Although blends of hydroxyketone homologs have been found in extracts from other cerambycine species (e.g., the congener Plagionotus detritus [L.]; Molander et al. 2019), to our knowledge, the blend of three major ketol homologs, along with traces of three additional minor homologs, appears unique to P. arcuatus. Furthermore, the fact that these homologs have been found in extracts from beetles from three different geographic populations, and in extracts prepared more than 20 years apart (cf. our results and those of Schröder 1996), suggests that production of this comparatively complex blend (among Cerambycinae) is characteristic of this species, rather than being an experimental anomaly. It is also noteworthy that although C6 and C8 hydroxyketones have been found from a number of cerambycid species, to date only one other species, Xylotrechus quadripes Chevrolat, has been shown to produce C10 hydroxyketones (Rhainds et al. 2001; Hall et al. 2006).

The combination of the bioassay results from Hungary and Sweden indicated that a blend including both the C6 and C10 3-hydroxyalkan-2-ones is needed to elicit significant attraction. The C8 hydroxyketone, although being present in significant amounts in extracts, when added to the two-component blend of the C6 and C10 compounds, did not significantly increase attraction, and so its role remains unclear. Conversely, none of the individual hydroxyketone compounds or the blend of the C6 and C8 compounds were significantly more attractive than the controls.

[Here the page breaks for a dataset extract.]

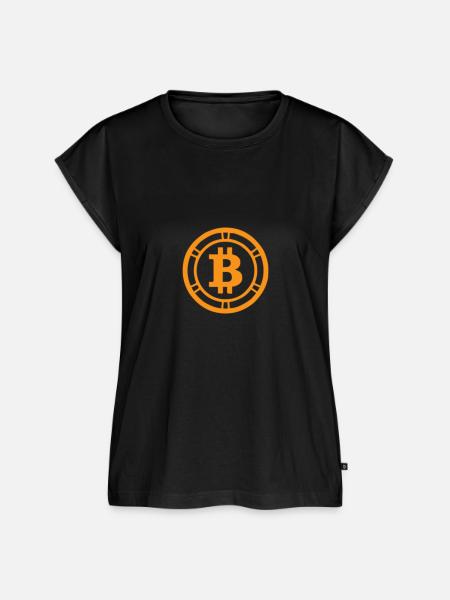 Bitcoin - Frauen Premium Bio Top - Schwarz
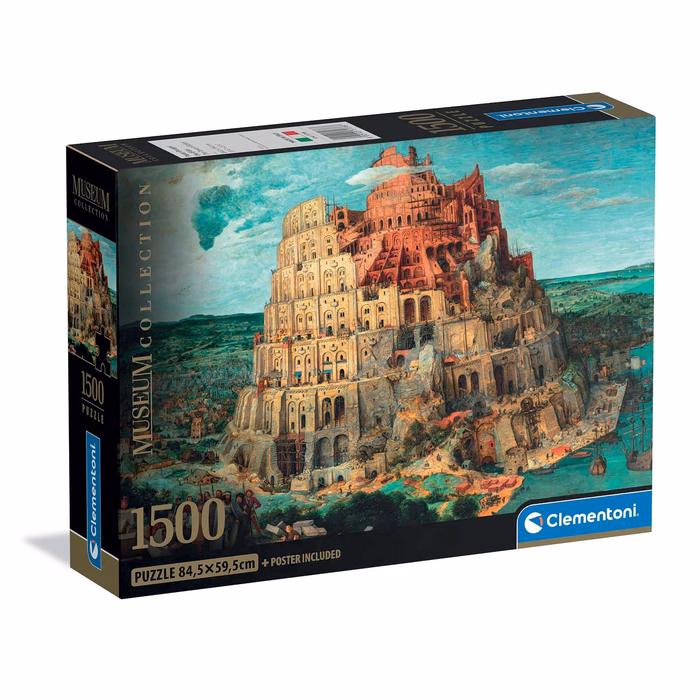 Clementoni Puzzle Museum Collection Bruegel: Babel Tower 1500 pcs - Compact Box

The role of host plant volatiles as possible attractants for P. arcuatus, or as synergists of the pheromone blend, remains to be explored. However, several reports have suggested that piles of freshly cut oak logs are attractive to P. arcuatus (e.g., Kaszab 1971; Grunwald et al. 2010). These reports were supported by our own field observations, whereby we found P. arcuatus specimens far less often on the trunks of standing oak trees in Hungary than on recently felled trees. Thus, it seems likely that the odors produced by the cutting wounds and the dying plant tissues provide host location cues for P. arcuatus. This in turn suggests that deployment of pheromone traps either on or close to log piles or in conjunction with volatiles from freshly cut or chipped wood (e.g., Collignon et al. 2016) may lead to further increases in trapping efficiency.

In summary, our analytical results corroborated the previous report by Schröder (1996) that males of P. arcuatus produce a complex blend of hydroxyketones, dominated by the (R)-enantiomers of 3-hydroxyhexan-2-one, 3-hydroxyoctan-2-one, and 3-hydroxydecan-2-one. We extended the work of Schröder (1996) by carrying out field trials with these three compounds, which showed that blends of at least two of the compounds function as an aggregation-sex pheromone for this species. Based on the fact that field observations of the beetles suggest that they are strongly attracted to freshly cut host material, it seems likely that even more attractive lures composed of blends of the pheromone with host plant volatiles could be developed. Nevertheless, the pheromone by itself could be developed for monitoring of P. arcuatus populations, for example, as an indicator of suitable oak wood resources for the whole guild of saproxylic beetles which specialize on freshly fallen oak branches and trees.